I developed most of the material in this course in 1992-4. Many
people provided feedback on the material as it was being developed,
most importantly Anne Rogers, Dave Hanson, and Michael Cohen, who
co-taught the course, kept in touch with what the students were doing,
and Steph Damianakis, who worked with us on the precepts and did a lot
of the real teaching in the first offering of the course. Alex
Gounares, Jon Mcallister, and Gun Sirer pretested several of the
programming assignments and provided valuable input.

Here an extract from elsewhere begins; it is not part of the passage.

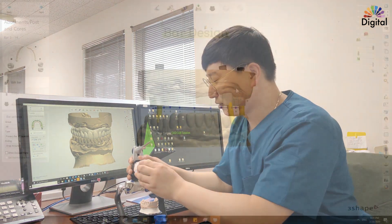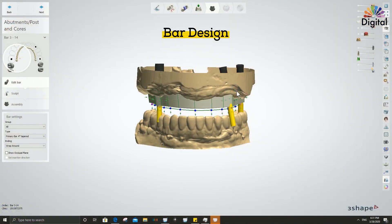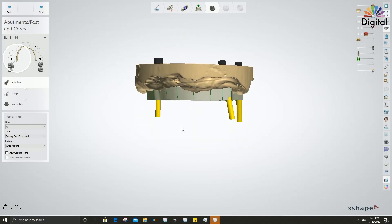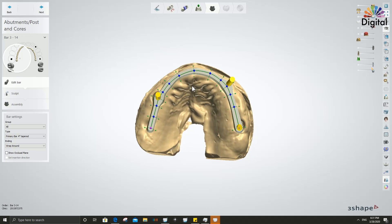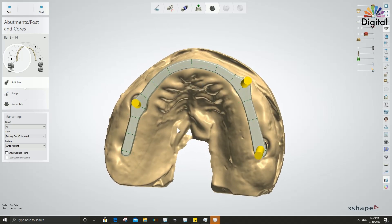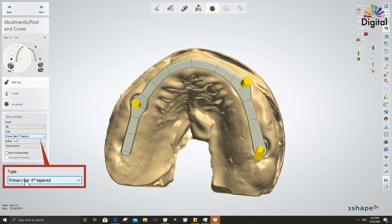For the bar design, I'm checking and making sure everything is correct. I want to make a tapered bar which has one insertion path on top, so we can see the top margin area and the bottom margin area. We have a four-degree tapered bar — a three-shape bar design called the primary bar four-degree tapered.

A. Appel, S. Arora, B. Chazelle, D. Hanson, A. LaPaugh,
and A. Yao taught the course in 1994-7, and have helped to refine
the course materials in numerous ways. In particular, Hanson led the
charge to bring the course fully online, and R. Shillner further
developed the online materials in 1997. I edited and updated all of
the materials in the fall of 1997, bringing them to essentially the
state reflected in this packet.
Programming Assignments
The basic calculation from Program 2 is from Dewdney's Turing
Omnibus; its potential as an ``easy'' assigment was brought to my
attention by Mike Weiksner. Program 3 is adapted from an assignment
originally developed by S. Arora and A. LaPaugh. Program 6 was
conceived and developed by Gun Sirer. Program 8 was developed by Gun
Sirer and Jon Mcallister; I updated it to Java in 1997.
Lectures
Sources for the logical design lectures include the old book
The Man-Made World by David, et. al., Principles of Computer
Science by Schaffer, and Dewdney, though not much of the material is
directly adapted from any of these sources. The dragon curve lecture
originated with Knuth, dating back at least to the early 70s. Sources
for the theory of computation material include Dewdney, Schaffer, and
Harel's Algorithmics. The Turing machine setup is from Harel,
and the Halting problem approach is from Aho and Ullman's
Foundations of Computer Science. The lecture on the ``sublist sum''
problem is from Bentley's Programming Pearls, and the lecture on
optimizing the heuristic to solve the traveling salesman problem
is from Bentley's Writing Efficient Programs.